In Korea, where I spent many years as a young man, they have a slew of sayings which border on cynical. It isn’t that they are a hard people, it is just that they have been so thoroughly relieved of their illusions over the centuries of history, so accustom to morbid reality that they’ve learned a jarring, folksy certainty about the world.

A personal favorite among these maxims is that “Love cannot feed us rice.”

There are many ways to interpret this. An old mother might say it to her love-sick daughter, before the girl runs off with the kind but poor maintenance man in a Korean Drama. Fathers say it to their sons when they begin to swerve away from that one well-worn path that leads to success in Korean life (study, examinations, obedience, filial duty) and start to practice magical thinking about “art” or “making a difference” or even, “true love.”

It seems harsh, but like so many harsh things, it is true. At least for men it is true. Love cannot feed a man rice.

In the West, we aren’t so lucky anymore. We’re taught from an early age that it is despicable to turn away from the wobbly notion that “love is all you need”, that a happy, loving wife is all that is necessary to get by in the world, that a relationship deep and meaningful enough will save your life, will rescue your soul from mediocrity.

We’ve lost touch with our guts, have grown so limp on comforts that we know the luxury of deciding that nebulous intangibles are the real meat and potatoes of human existence. We actually think that love can feed us rice, if only because not a one of us has ever been a rice farmer.

The first time you go hungry you’ll realize that emotions aren’t nearly as important as you’ve been led to believe, that most of them are simply the whimsical allowances of the well-fed. That doesn’t mean that love isn’t real. It certainly is. In some forms at least. It isn’t that love is unimportant.
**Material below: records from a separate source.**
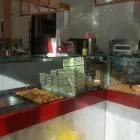 Immagine 2 azienda LA BOTTEGA DELLA PIZZA E DEL KEBAB Pizzeria in Roma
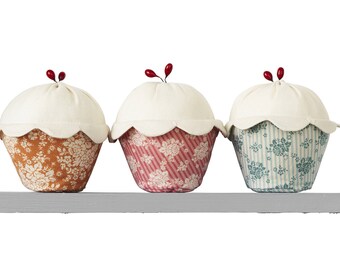 Ribbon Ruban Elastique Rose Gateau Cupcake Cerise Fraise De 15 Mm Vendu Au Metre Crafts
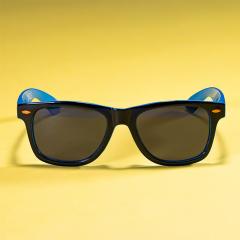 Sonic Sunglasses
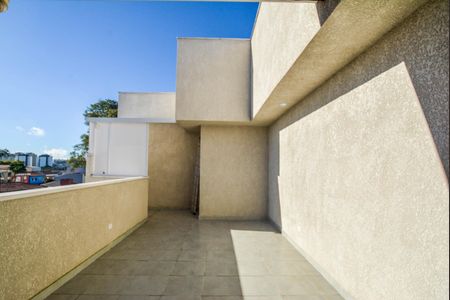 Apartamento para alugar com 133m², 2 quartos e 2 vagas Apartamento para alugar com 133m², 2 quartos e 2 vagasCobertura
It is just to remind you that the way we pedestalize the concept of love, as if it should come first and foremost on the hierarchy of life’s most important reckonings, is a childish fallacy that’s popularity is indicative of how gorged, pampered, and physically satiated we are. Our hunger then becomes for the intangible, for the emotional, for the divine. We forget the corporeal, and in such a way we lose ourselves. It is why so many people criticize cynics.
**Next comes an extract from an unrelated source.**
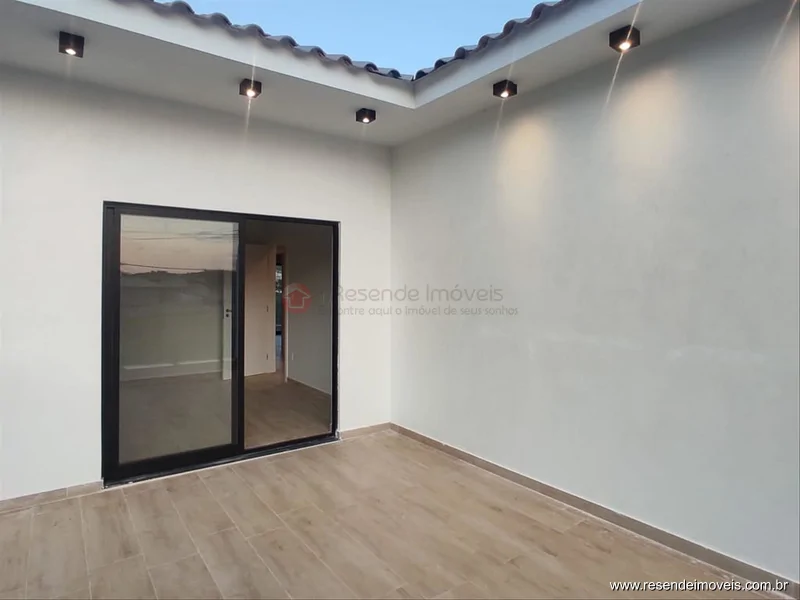 Foto 14 de 58 - Casa em condomínio para venda em Parque Ipiranga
But a romantic approach to human connection belies the fact that love, in all its forms and machinations, is the studied result of extended, dependable, and hard work. There is no such thing as “love at first sight” or “soulmates”, nor any other modernist sugar coating. Love, whatever that word means, is the slow grinding and mixing and packing of the firework, not the explosion itself.
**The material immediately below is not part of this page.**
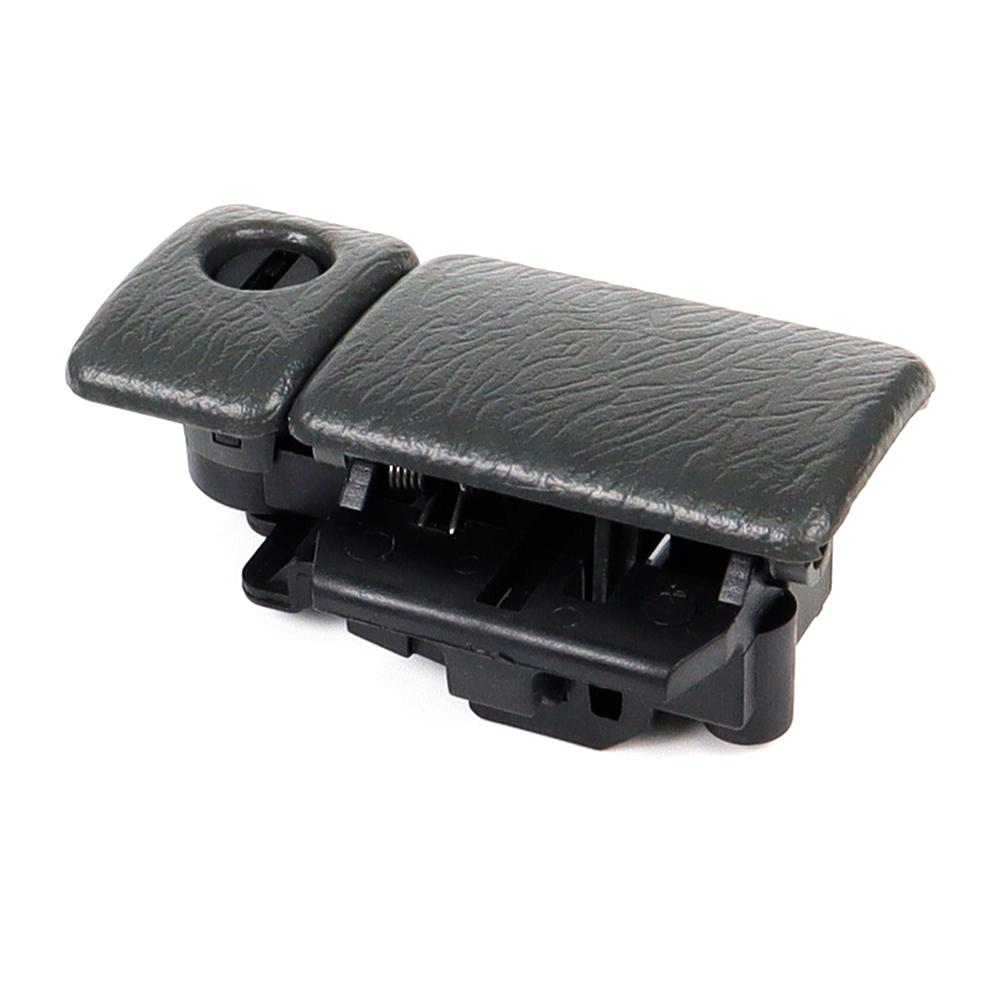 New Car Glove Box Lock Latch Handle Fit For Suzuki Jimny Vitara Grand Vitara Auto Accessories 73430-76811-P4Z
When you drill to the core of it, love is just a fanciful word for so many other things: devotion, dependability, partnership, security, and so forth. It is not some magical elixir that, once imbed, makes the world other than it really is— an animal place of alliances and tribes and stomachs and feet and hands reaching and eyes finding, of the rough work of getting and keeping the rice in our bellies.

You are an animal first and an emotional being second. Feelings only matter because you aren’t hungry. Your ability to bend the world to making sure that you have the resources you need to live is more important than your boredom, your dissatisfaction, your anger, your lust.

Look at yourself in the mirror, and then go out and try to go at life as you would if your stomach was for the first time empty.